Sustainable America

A New Consensus for Prosperity, Opportunity, and
a Healthy Environment for the Future

Introduction to a Report from the President’s Council on Sustainable DevelopmentFollowing from the United Nations Earth Summit which, in 1992 requested that nations develop national action strategies for sustainable development, President Clinton established the President’s Council on Sustainable Development in June, 1993. The following goals were published by the Council in 1996. 

GOALS

The Council recognized that in order to meet the needs of the present while ensuring that future generations have the same opportunities, the United States must change by moving from conflict to collaboration and adopting stewardship and individual responsibility as tenets by which to live.

The following goals express the shared aspirations of the Council.
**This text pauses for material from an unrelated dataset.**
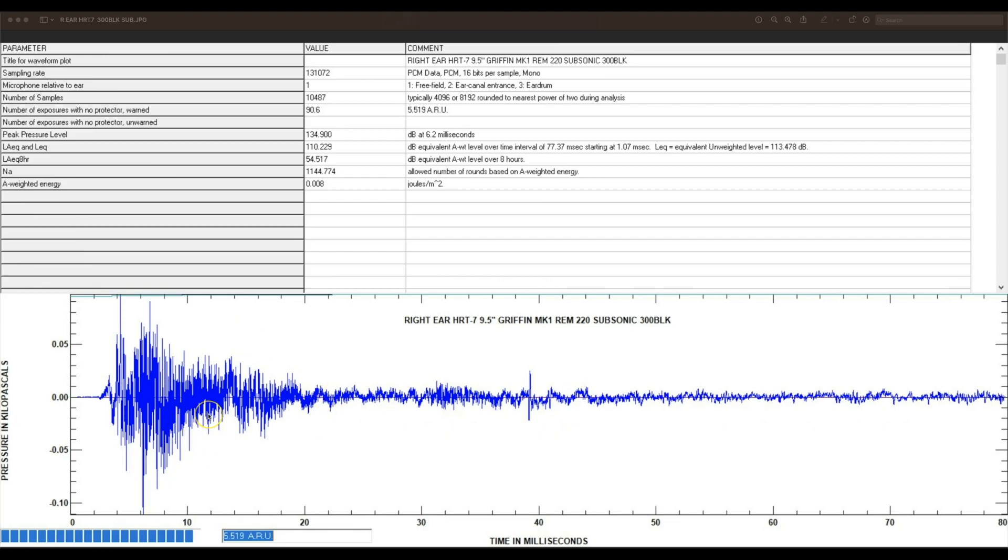So that's basically the synopsis of how to read these things. I hope this helps you guys derive more information and interpret the data.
They are truly interdependent and flow from the Council’s understanding that it is essential to seek economic prosperity, environmental protection, and social equity together.

1. Health and Environment — Ensure that every person enjoys the benefits of clean air, clean water, and a healthy environment at home, at work, and at play.
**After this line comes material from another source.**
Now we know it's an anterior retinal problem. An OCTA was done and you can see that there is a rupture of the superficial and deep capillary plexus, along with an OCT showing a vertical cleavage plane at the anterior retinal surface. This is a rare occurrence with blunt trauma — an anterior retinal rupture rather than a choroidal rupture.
2. Economic Prosperity — Sustain a healthy U.S. economy that grows sufficiently to create meaningful jobs, reduce poverty, and provide the opportunity for a high quality of life for all in an increasingly competitive world.
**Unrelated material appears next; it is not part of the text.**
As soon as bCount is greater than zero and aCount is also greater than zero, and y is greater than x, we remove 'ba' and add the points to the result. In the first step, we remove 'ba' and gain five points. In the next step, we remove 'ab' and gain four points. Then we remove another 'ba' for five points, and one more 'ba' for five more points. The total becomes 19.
3. Equity — Ensure that all Americans are afforded justice and have the opportunity to achieve economic, environmental, and social well being.

4. Conservation of Nature — Use, conserve, protect, and restore natural resources – land, air, water, and biodiversity – in ways that help ensure long-term social, economic and environmental benefits for ourselves and future generations.

5. Stewardship — Create a widely held ethic of stewardship that strongly encourages individuals, institutions, and corporations to take full responsibility for the economic, environmental, and social consequences of their actions.

6. Sustainable Communities — Encourage people to work together to create healthy communities where natural and historic resources are preserved, jobs are available, sprawl is contained, neighborhoods are secure, education is lifelong, transportation and health care are accessible, and all citizens have opportunities to improve the quality of their lives.

7. Civic Engagement — Create full opportunity for citizens, business, and communities to participate in and influence the natural resource, environmental, and economic decisions that affect them.

8. Population — Move toward stabilization of the U.S. population.

9. International Responsibility — Take a leadership role in the development and implementation of global sustainable development policies, standards of conduct, and trade and foreign policies that further the achievement of sustainability.

10. Education –Ensure that all Americans have equal access to education and lifelong learning opportunities that will prepare them for meaningful work, a high quality of life, and an understanding of the concepts involved in sustainable development.